Hi, hello & welcome to THE USB Baseball Report! I'm
Steve Cook, and this week's edition is going to be a bit shorter than usual. Mostly because I have no idea if it's going to get posted or not, and I want to save all the good material for weeks where my USB superiors aren't high off their asses. Though, come to think of it, I might be waiting a long time to use the good material if that's going to be my standard. We're down a manager, the Reds are down a bunch, the Giants are catching fire...let's get right to it.
Hired To Be Fired
There was a time when Fredi Gonzalez was considered one of the top young managers in baseball. In three seasons with the Florida Marlins he'd led the club to more wins every year, including a second place finish in the NL East in 2009. He was let go in 2010 after 70 games & a 34-36 record, but nobody outside of Marlins management really blamed him or is surprised that the franchise hasn't accomplished anything since letting Gonzalez go.

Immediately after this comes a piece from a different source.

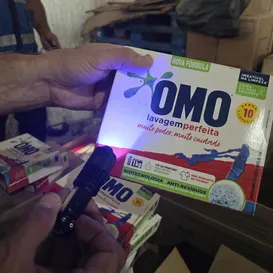 Parece, mas não é: três toneladas de sabão em pó fake são apreendidas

Baseball thought highly of Gonzalez, and he landed a pretty sweet gig in 2011: Manager of the Atlanta Braves. He had a pretty tough act to follow in Bobby Cox, who had managed the Braves for the previous two decades & taken them to the postseason in fifteen out of twenty-one years. Prior to taking over in Florida, Gonzalez had played for Cox & coached under him, so it was no surprise when Cox recommended him as his replacement. He inherited a pretty good team, and the first three seasons were like his first three seasons in Florida, but even better. 89 wins, 94 wins & 96 wins, though their two postseason appearances both ended before the NLCS.
Most of the criticism Gonzalez would receive from fans was due to his failings in the postseason, and in the second half of the season in general. The Braves would get off to a hot start, which would usually be enough to carry them through a mediocre second half. Then there would be failure in the playoffs, which is enough to get any manager some heat. Now that the team isn't anywhere near the playoffs, it makes sense for the manager to get the axe because obviously he isn't connecting with the team and it's not like you can fire the players.

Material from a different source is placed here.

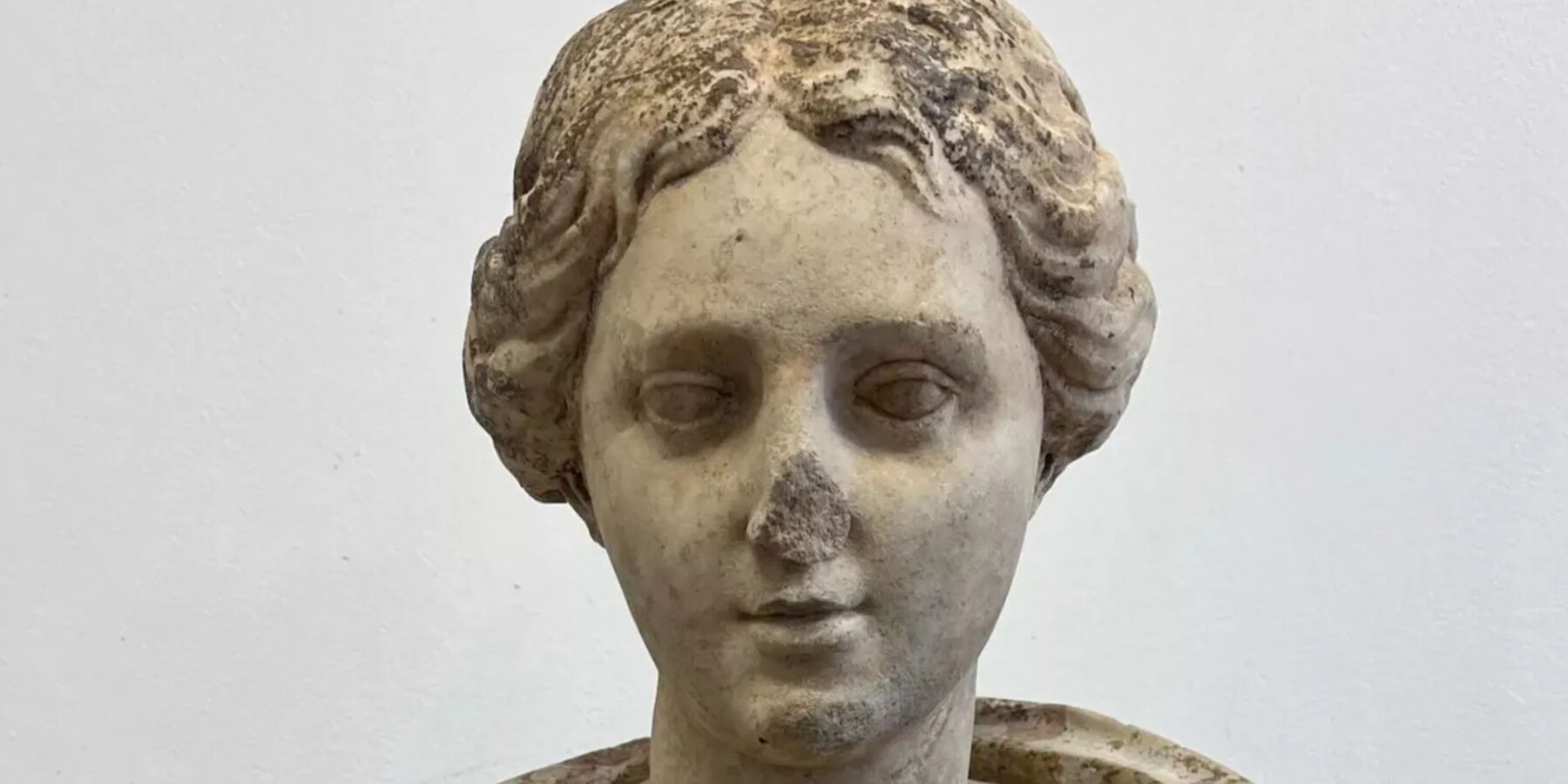 У Великобританії знайшли загадкову 1800-річну римську статую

So it didn't really come as a surprise when Gonzalez was let go this week after a 9-28 start, with a dreadful 2-17 home record. The question I have regarding this move is pretty simple: What did Braves management expect would happen on the field the last couple of years once they traded away all of their good players except for Freddie Freeman?
I used to be on the Fire Bryan Price bandwagon due to the Reds' failings over the last couple of years, but the more I watch the more obvious it becomes that Bryan Price never had a chance to succeed as a manager. His bullpen is a mess, his top starting pitchers are all injured, his starting catcher will play thirty-nine games during the 2015 & 2016 seasons combined, his superstar first baseman is batting somewhere around .200...it never stops. Gonzalez has been handcuffed in similar ways the last couple of seasons, and he was let go this week because the front office needed to do something.
1975 Sparky Anderson couldn't succeed with the 2016 Cincinnati Reds. 1995 Bobby Cox couldn't succeed with the 2016 Atlanta Braves. There are plenty of instances where managers have deserved to be dismissed, but when their teams are designed to lose & lose big, I don't see the fairness in throwing them on the sword. It's nothing more than a move designed to take some heat off the front office.
And if you listen to sports talk radio, you'll find that it usually works. Firing the manager is the common fan's answer to everything. It's never that easy, but that doesn't stop us from yelling for heads to roll. There's something about a dude losing his job that makes us feel better about things. Schadenfreude, I believe the term is. We get happy because the manager loses his job. Their misfortune brings us happiness.
Though, in the case of managers of teams like the Braves, I'm not sure getting fired is misfortune. They still get their money, and they'll get a job somewhere in baseball. Fredi Gonzalez will be employed by an MLB team in some capacity next season. When Bryan Price gets sacrificed by the Reds front office, he'll find a coaching job somewhere. And it'll be a job that he might actually be able to succeed in.